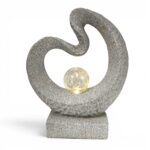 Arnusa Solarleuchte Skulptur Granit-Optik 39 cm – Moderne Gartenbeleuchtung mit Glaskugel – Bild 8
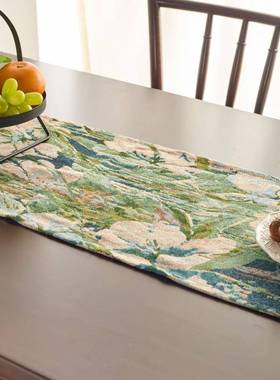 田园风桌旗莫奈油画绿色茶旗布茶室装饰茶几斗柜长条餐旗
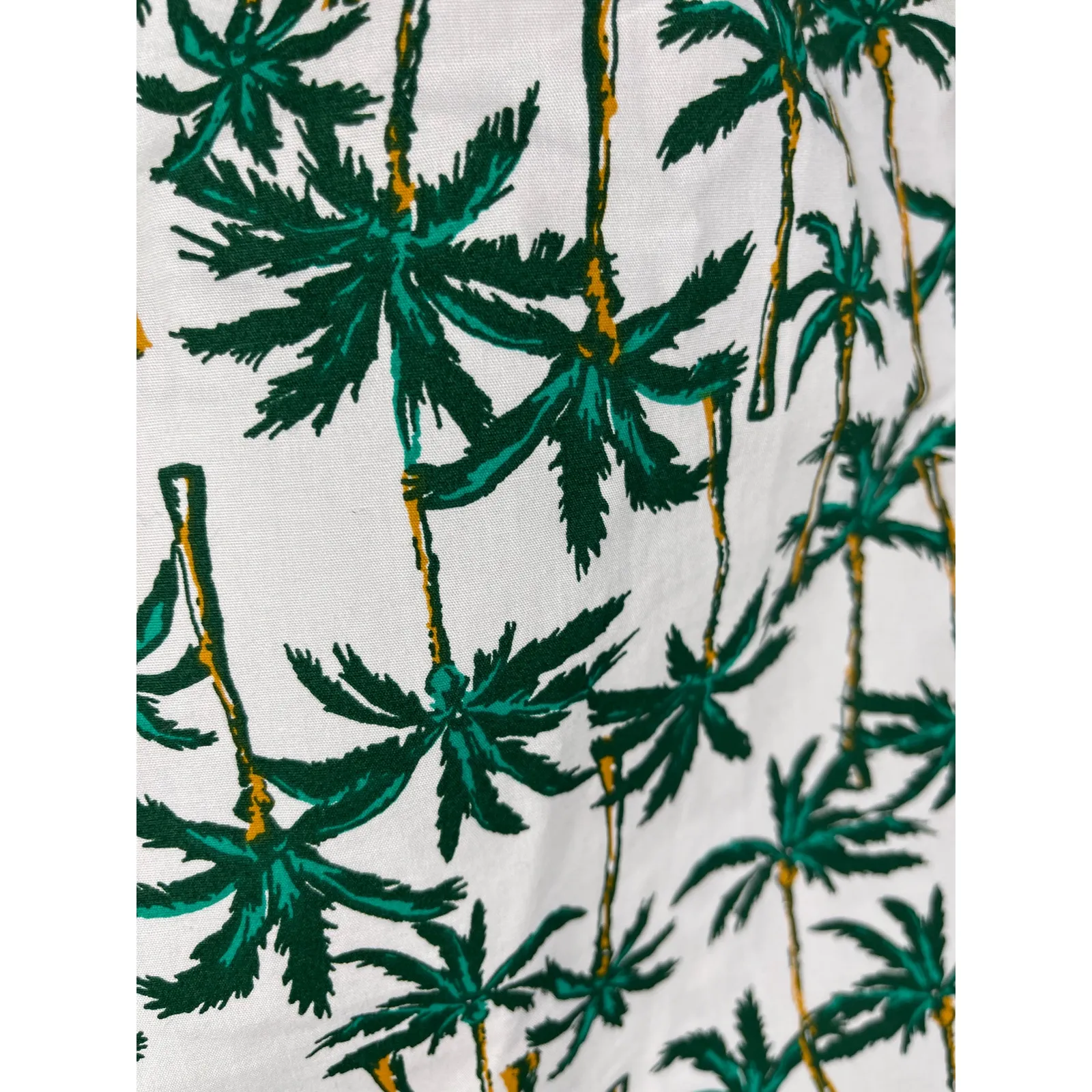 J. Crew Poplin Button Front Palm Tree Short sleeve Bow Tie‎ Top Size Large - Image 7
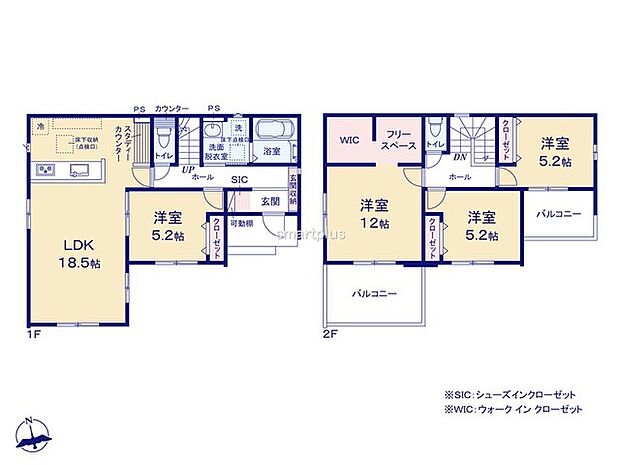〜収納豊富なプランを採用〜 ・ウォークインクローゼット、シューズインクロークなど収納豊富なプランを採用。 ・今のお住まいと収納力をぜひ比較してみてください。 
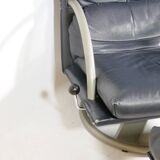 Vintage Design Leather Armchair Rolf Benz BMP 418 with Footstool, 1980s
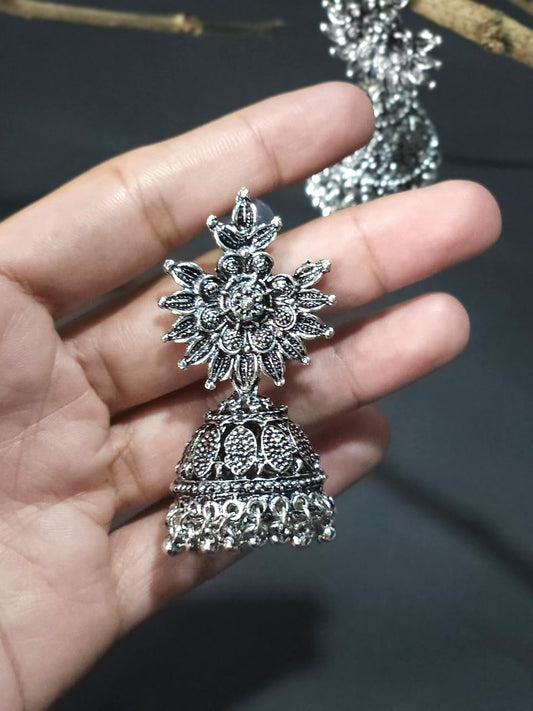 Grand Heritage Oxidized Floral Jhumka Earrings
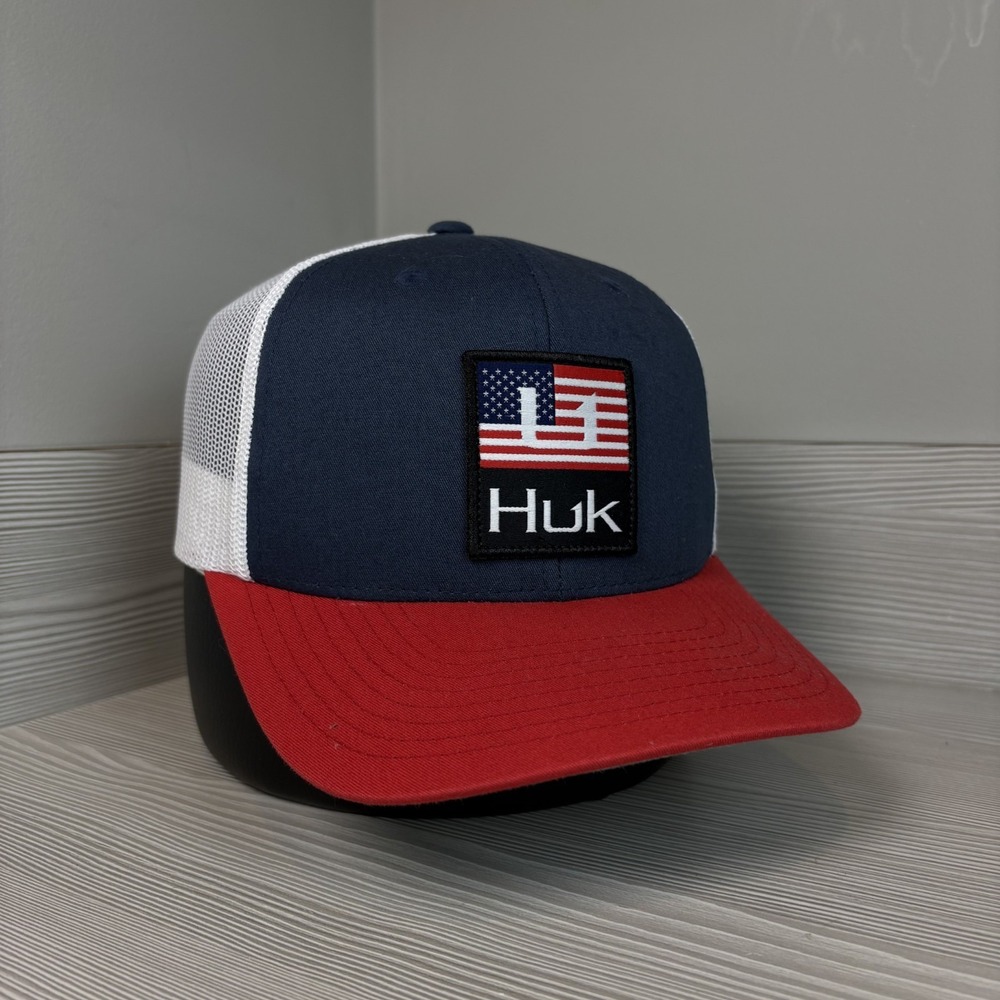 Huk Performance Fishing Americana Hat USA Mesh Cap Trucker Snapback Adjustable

* _What to do_: Working down from the line with "Grand Heritage Oxidized", copy each line exactly until the last line of the entries, which is also included. Omit the pictures.

* _Solution to the problem_:
 Grand Heritage Oxidized Floral Jhumka Earrings
 Huk Performance Fishing Americana Hat USA Mesh Cap Trucker Snapback Adjustable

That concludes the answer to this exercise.